I would have never ever in a million years agree to lock my dog(s) in a room when you come over. I am surprised she agreed to that. She must be young and afraid to assert herself.

 

Can you even understand how bad your girlfriend feels for putting her dogs away?

 

Dogs are pack animals. If you want to keep this woman in your life you have to become a member of her pack. You're the outsider, not them.

 

The first couple of months dating my new boyfriend was quite demanding on him and on my dog. Each time he would put his arms around me my dog would separate us, jump on me, lick my face. My boyfriend was patient and decided he would play with the dog to make friends with him. It worked perfectly.

 

The first 2 months my dog was not allowed on my bed while boyfriend spent the night my dog spent that 2 months crying at the bed, jumping on my boyfriend, sitting on him to indicate he was not happy boyfriend was now taking his place. I would patiently take my dog off the bed, take him to his bed, tell him to go to sleep, several times a night. It woke my boyfriend up but he was patient, understanding, and often took the dog down himself and never ever shown impatience toward my dog. It took a full 2 months but now my dog knows when my boyfriend is over he sleeps in his bed and we don't hear him at all through the night.

 

Right now we are working on training my dog to not beg for food when we eat.
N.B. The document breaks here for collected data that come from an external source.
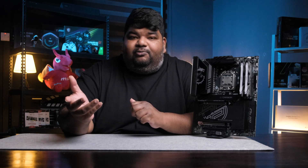Each of these classifications have their own designated component lineups. In MAG, you've got the Tomahawk and Motar series. In MPG, you've got the Carbon series. In MEG, you've got the ACE and Godlike series. What we have here is the MPG X870E Carbon Wi-Fi, which sits above the Tomahawk and just below the ACE and Godlike.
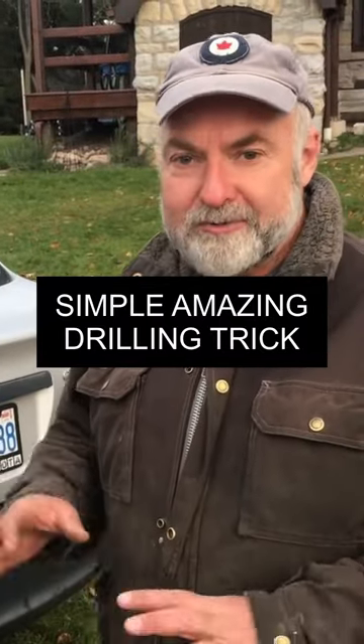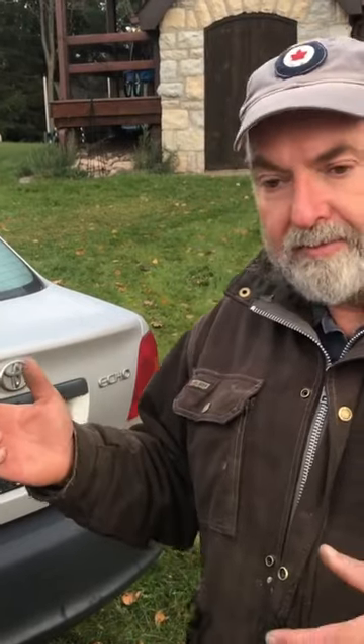One of the recurring challenges of driveway mechanics is that sometimes you have to drill metal in awkward places with a hand drill. And the problem is that it's really tiring. It's hard to put enough pressure on a drill to get it to drill out old bolts and things like that.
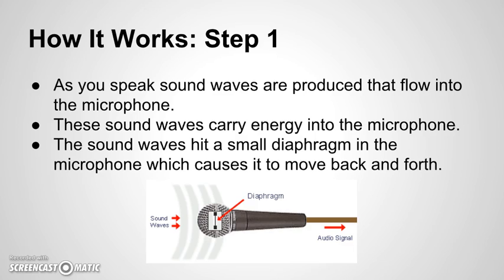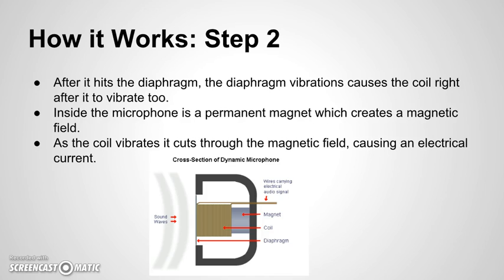As you speak, sound waves are produced that flow into the microphone. These sound waves carry energy into the microphone. The sound waves hit a small diaphragm in the microphone, which causes it to move back and forth. After it hits the diaphragm, the diaphragm's vibrations cause the coil right after it to vibrate too.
We do it as a team, that's always been my boyfriend's position, we do it together and we make it fun and a challenge.

 

If my boyfriend had told me my ways are wrong, I don't do it right, he knows best than me, etc etc than I would have gotten on the defensive and never would have felt like making changes for him.

 

If you want to see some changes in your girlfriend you need to change your approach. You need to humble yourself, show patience, and offer little changes one at a time.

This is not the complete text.